June 29, 2005 12:25 PM
Home sweet bird-filled Loudoun home
One of the dearest gifts my husband Tripp has given me is making sure we have lots of birds around – with feeders of all sorts always filled.
I so love birds. Their cheerful music lifts my morning walk from simple endurance to sheer enchantment. The low-flying cardinals which sweep before my car along the dirt roads remind me how blessed I am to live in Virginia.
The swallows nesting each year above our entrance remind me to keep things simple and to focus on my family. And the dozens of birds showing up each day at the feeders just inches outside my office window amuse and inspire me as I write.
When Tripp first hung those feeders so close to the glass, it took a while for our guests to discover them. Once they did begin perching there, they were easily frightened away by the slightest movement on the human side of the glass. But after a while they settled in, reveling in birdseed while I reveled in words. Now I have regular daily visitors of all colors and sizes – including an elegant pair of doves.
And even Sophia’s languid white kitty, stretched out on the windowsill watching, doesn’t faze them.
But our peace has been recently shattered by an onslaught of starlings – beady-eyed black marauders who seem to live to antagonize everything else on earth. I even spotted one harassing a majestic great heron which surged up from the high grass near our house one misty morning last week – the first time I’d seen a heron so close, but who knows if it will ever return with all the squawking from our new poachers.

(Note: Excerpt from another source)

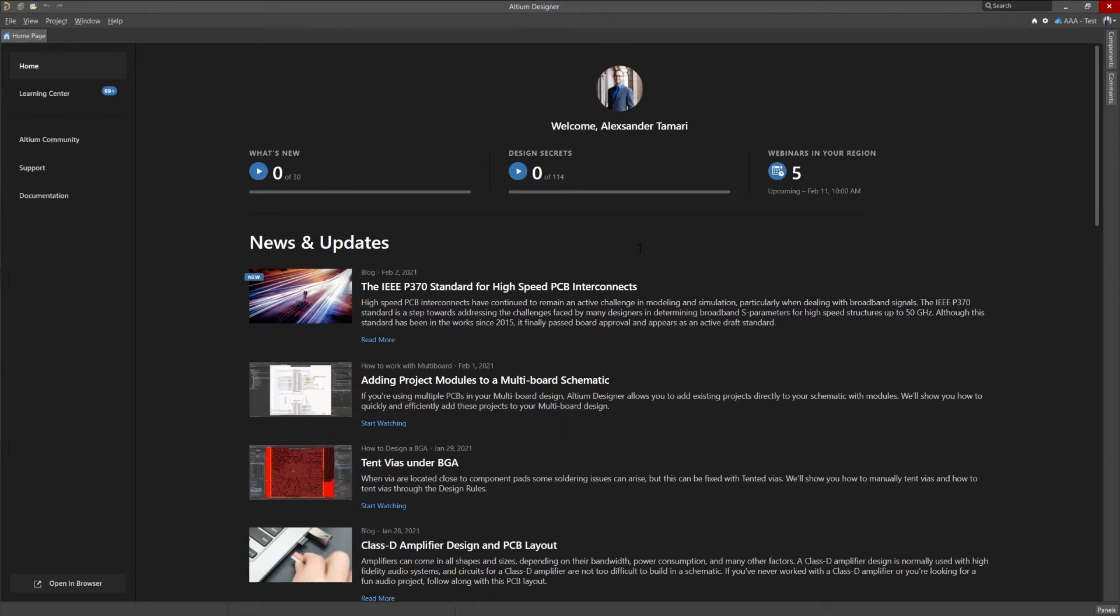In this short video, we'll go over how to install the MCAD co-designer for Altium Designer. To begin, we'll start with acquiring the MCAD co-designer plugin for Altium Designer.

My starling resentment drove me to Google, where I learned they are not native to this country, but were introduced by a group of Shakespeare fans who decided America should have all the birds mentioned in his plays. (Proving that even before Silly Internet Sites people had too much time on their hands.)
These well-meaning but arguably clueless folks let loose 30 pairs of European Starlings in New York City's Central Park in the late 1890’s. Within 30 years they had spread from coast to coast. Today there are 200 million spread from Alaska to Mexico. They’re the ones that cluster on utility lines, a la Alfred Hitchcock’s The Birds. And they’re the ones scaring the bejeebers out of the kinder, gentler birds – with longer generational credentials –outside my windowpane.
I want to make them go away.
I’ve been thinking about my little ecosystem since the elections, where I served with four lovely ladies – all born and bred in Loudoun County, my adopted home. Do those who grew up in what was once the unspoiled splendor of Loudoun ever think of newcomers like me as starlings? Because certainly there are invaders who migrate here intent on making it their own territory, elbowing their way rudely here and there, with little regard for the sensibilities of those who for lifetimes have called this their home.
To those blessed to be Loudoun natives I’d like to say: Please know there are some who come simply because it’s beautiful just the way it is, who’ve been looking for a kinder, gentler way of life, and who wouldn’t change anything for the world.
Comments
Those bird feeders are what I miss about our old house. We had a treed, half-acre lot with a creek. You could see ten cardinals out there, on a snowy January day. My mother has lots of feeders, out in the country. It is such a treat to watch the finches, doves, jays, chickadees, etc.
Sorry about the starlings. We have problems with them around here, too. In fact, my husband removed a nest of them from above our bathroom ventilator about two months ago.